Thomas Paul Schirrmacher (born 25 June 1960) is a German Christian moral philosopher and a specialist in the Sociology of Religion and religious freedom. He is known as a global human rights activist and holds a chair in Theology (Ethics, Missiology, World Religions).

Schirrmacher serves the World Evangelical Alliance as secretary general and as chair of the Theological Commission. He is also an Anglican realignment bishop.

Since 2014 he is president of the International Council of the International Society for Human Rights and director of the International Institute for Religious Freedom.

Biography

Family 
Thomas Schirrmacher was born on June 25, 1960 to the German professor of Telecommunications engineering Bernd Schirrmacher and his wife Ingeborg. His grandfather is the history professor Friedrich Wilhelm Schirrmacher while his great-grandfather is Carl Friedrich Schirrmacher, Director of the Danzig St. Petri School. The Schirrmacher family are Huguenots who were exiled from Salzburg in the 18th century and subsequently settled in Danzig, Prussia.

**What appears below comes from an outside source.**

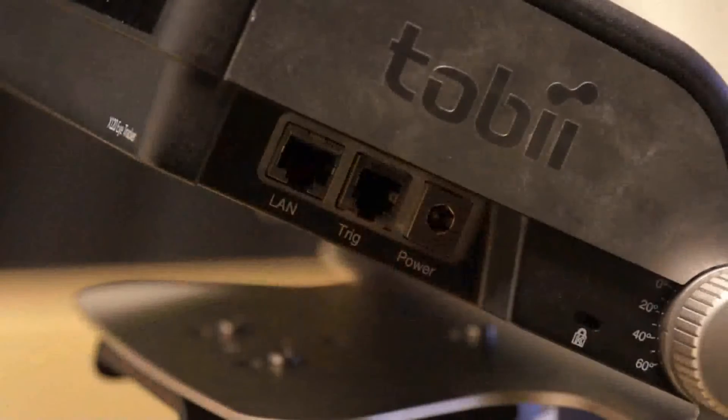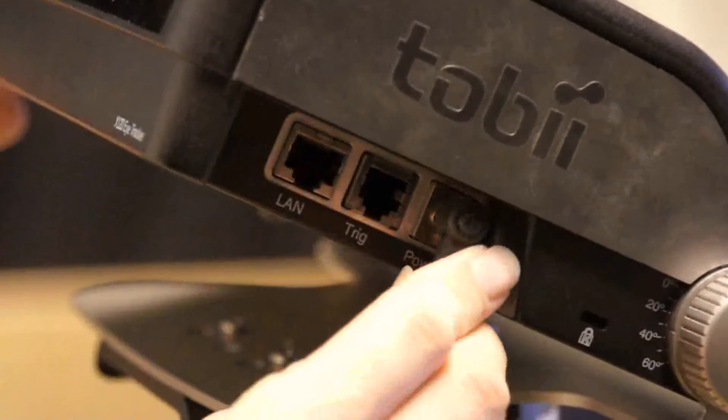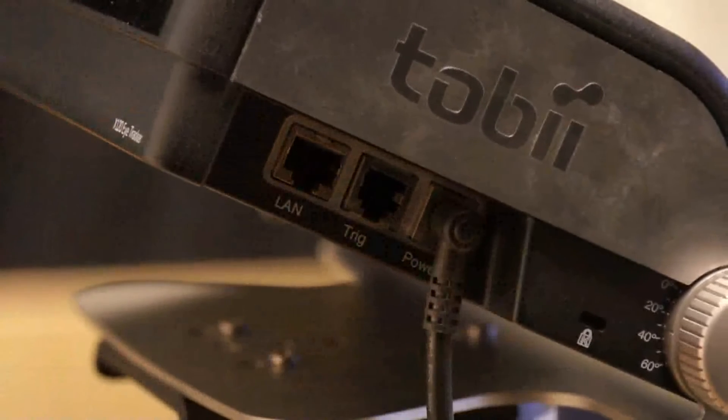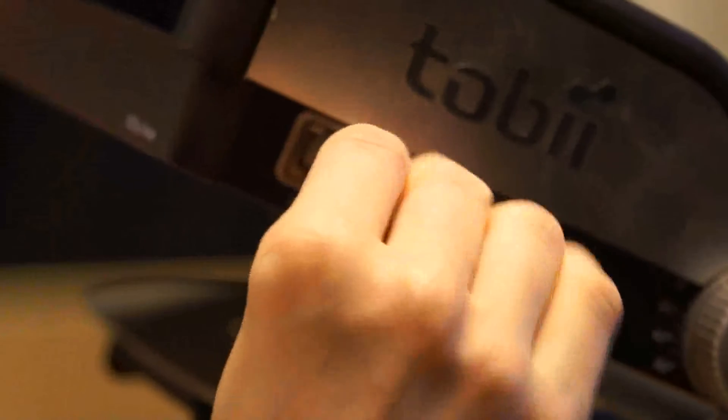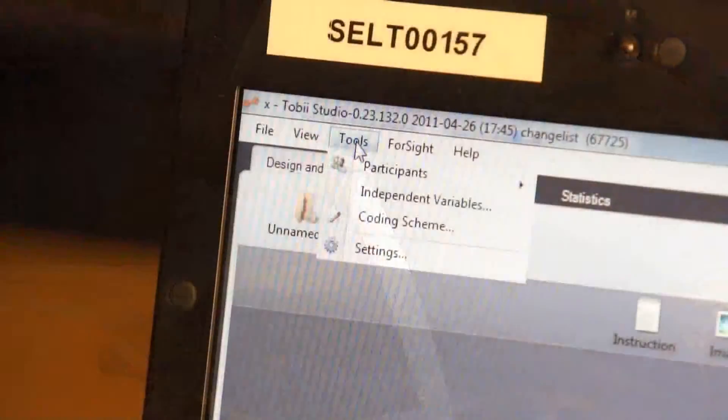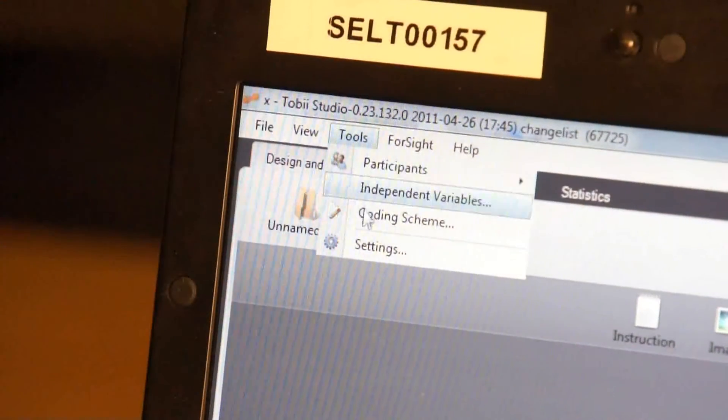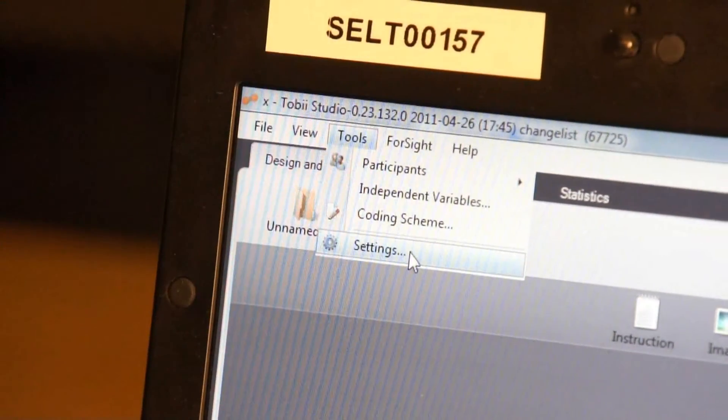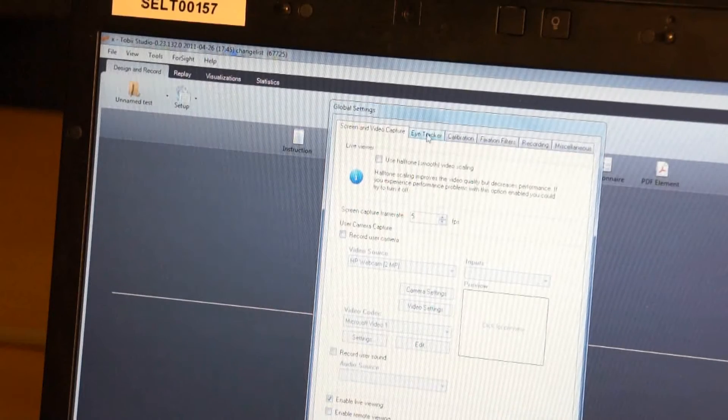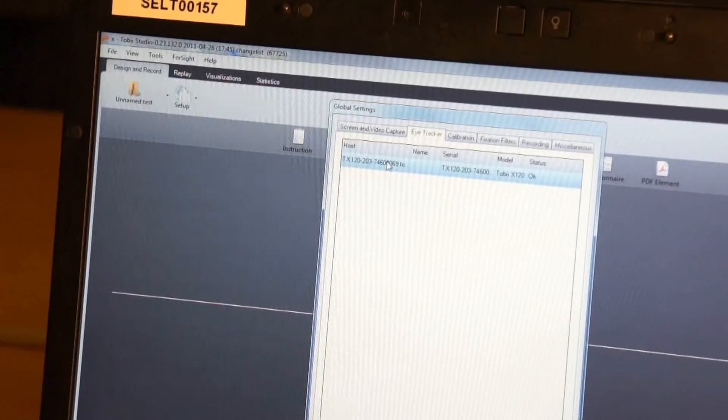Connect the eye tracker to a power source using the supplied power cable. Connect the eye tracker via a LAN cable with the computer running Tobii Studio. Select Settings and click on the Eye Tracker tab. Select the eye tracker to be used and click OK.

Thomas Schirrmacher is married to Christine Schirrmacher who is a professor of Islamic Studies in Bonn, Germany.

Education 

Thomas Schirrmacher studied theology from 1978 to 1982 at STH Basel (Switzerland) and since 1983 Cultural Anthropology and Comparative Religion at University of Bonn. He earned a Drs. theol. in Missiology and Ecumenism at Theological University (Kampen/Netherlands) in 1984, and a Dr. theol. in Missiology and Ecumenics at Theological University of the Reformed Churches (Kampen/Netherlands) in 1985, a Ph.D. in Cultural Anthropology at Pacific Western University (today: California Miramar University) in Los Angeles (CA) in 1989, a Th.D. in Ethics at Whitefield Theological Seminary in Lakeland (FL) in 1996, and a Dr. phil. in Comparative Religion and Sociology of Religion at University of Bonn in 2007. In 1997 he got honorary doctorates (D.D.) from Cranmer Theological House and in 2006 from ACTS Academy of Higher Education in Bangalore.

Career 

Between 1982 and 1986 Schirrmacher was pastor of several church communities in Bonn. From 1996 to 2018, Thomas Schirrmacher was rector of the private Martin Bucer Seminary, a theological seminary seated in Bonn (Germany) with campuses in several countries which he founded, and where he continues to teach systematic theology (especially ethics) as well as comparative religion studies and is vice president for International Affairs. From 1994 to 1998 Schirrmacher was professor of missions at the Philadelphia Theological Seminary and since 1995 he is professor for systematic theology at the Whitefield Theological Seminary. He is also a professor for the sociology of religion at the West University of Timişoara and lecturer in the Advanced Programme “Human Rights and Religious Freedom” at Oxford University (Regent's Park College, Oxford).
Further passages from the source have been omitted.